The quality of the detected face can be compared using the confidence score, which is the probability that the detected region in an image is a human face. We ignore all the samples generated by any of the three methods that cannot be detected by MTCNN. The confidence score is the output of the face classifier model, which indicates the probability of detecting a human face in an image. Figure 8 shows the average confidence score for each age group, which is calculated over the face images detected by all three methods for a fair comparison. The average confidence scores of SS-FaceGAN are larger than those of IPCGANs for all age groups. They are even slightly larger than those of CAAE, which generates the face images with minor local changes from the original face image. Even though CAAE quantitatively provides a larger confidence score for the groups of 0–10 and 10–20 years old, the generated image with the target age falls short of belonging to those age groups, as shown in Figure 7. The images generated by CAAE do not have obvious changes compared to the input images. As a result, the output is still realistic, but cannot interpret the correct age features.

Secondly, we compare the identity preserving ability and the age transformation ability. The output image should preserve the identity of the face despite the age translation, while the age features should be presented appropriately according to the desired age group.

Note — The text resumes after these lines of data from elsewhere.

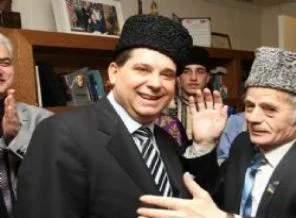 Kırımoğlu: Ukrayna sözünde durmuyor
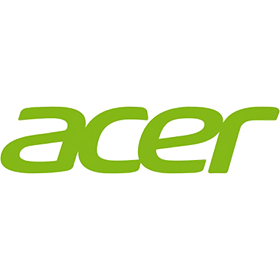 Acer (sonstige) Logo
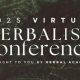 Top Herbal Conferences 2025: Your Guide | The Ultimate Herbal Remedies Guide: Natural Healing for a Healthier Life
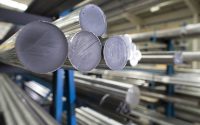 Molybdenum-containing-stainless-steel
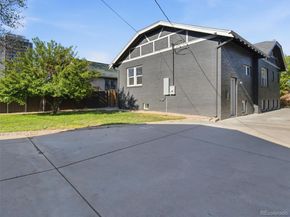 1453 Quitman Street, Denver CO 80204
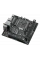 Материнская плата ASRock H510M-ITX/AC, LGA1200, Intel H510, Mini-ITX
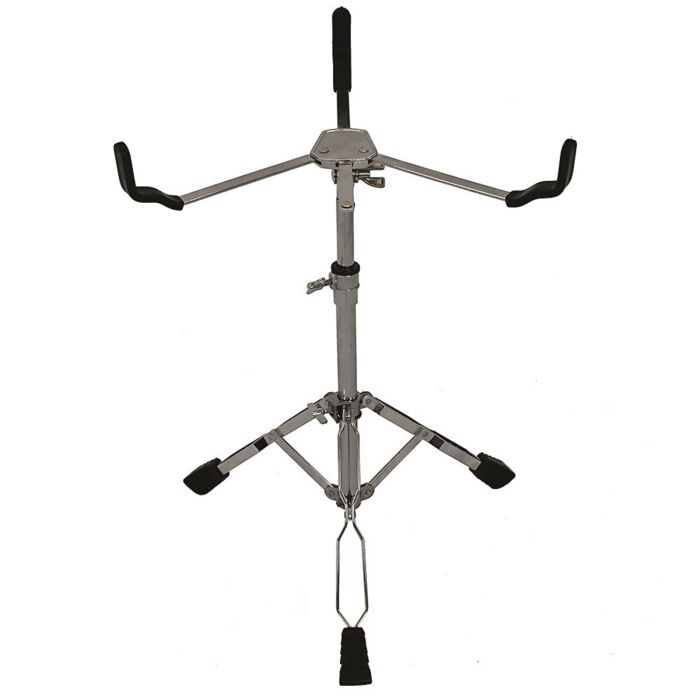 Double Braced Snare Drum Stand Double Braced Snare Drum Stand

In order to do this, we use a Resnet-50 model trained on VGGFace2 [42]. This is the pre-trained model on a large-scale face dataset. We exploit the pre-trained model as the feature extraction and compute the cosine similarity of the vector features of the synthesized output images and the real images. This means that for each subject in the FG-NET dataset (as described in Figure 7), we compare the synthesized images in each column to the ground truth images of the same column in the 4th row. We verify that a small cosine similarity implies the images represent the same person, as opposed to a large cosine similarity. Therefore, by obtaining the similarity scores between the output images and the real images, we can evaluate the ability of a model to maintain the identity information and learn the aging features correctly for the synthesized outputs. The lower similarity scores mean the model preserves the identity information and performs the aging features better.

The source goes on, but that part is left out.